Provided material Start Marker

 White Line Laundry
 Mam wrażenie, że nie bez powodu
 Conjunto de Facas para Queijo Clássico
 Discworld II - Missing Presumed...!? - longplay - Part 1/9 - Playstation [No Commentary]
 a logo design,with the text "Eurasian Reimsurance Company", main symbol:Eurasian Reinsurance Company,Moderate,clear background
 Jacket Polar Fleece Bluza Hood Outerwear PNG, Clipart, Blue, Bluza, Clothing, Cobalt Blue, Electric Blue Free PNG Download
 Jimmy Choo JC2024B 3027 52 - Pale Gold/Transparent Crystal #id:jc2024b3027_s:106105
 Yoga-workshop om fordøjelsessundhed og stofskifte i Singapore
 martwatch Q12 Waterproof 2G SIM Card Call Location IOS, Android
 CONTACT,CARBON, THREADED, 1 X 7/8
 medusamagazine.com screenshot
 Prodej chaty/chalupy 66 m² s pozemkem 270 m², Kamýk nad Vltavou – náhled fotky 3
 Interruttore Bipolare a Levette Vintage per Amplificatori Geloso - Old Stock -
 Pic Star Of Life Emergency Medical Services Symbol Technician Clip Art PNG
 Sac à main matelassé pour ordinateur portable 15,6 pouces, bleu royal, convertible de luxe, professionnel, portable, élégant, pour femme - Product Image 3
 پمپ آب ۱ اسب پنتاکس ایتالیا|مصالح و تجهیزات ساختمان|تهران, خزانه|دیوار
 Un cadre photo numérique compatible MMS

Provided material End Marker

**Your objective:**
Take the line holding "پمپ آب ۱ اسب" and the lines after it through the end of the entries. Retype them exactly and add nothing.

**Task solution:**
 پمپ آب ۱ اسب پنتاکس ایتالیا|مصالح و تجهیزات ساختمان|تهران, خزانه|دیوار
 Un cadre photo numérique compatible MMS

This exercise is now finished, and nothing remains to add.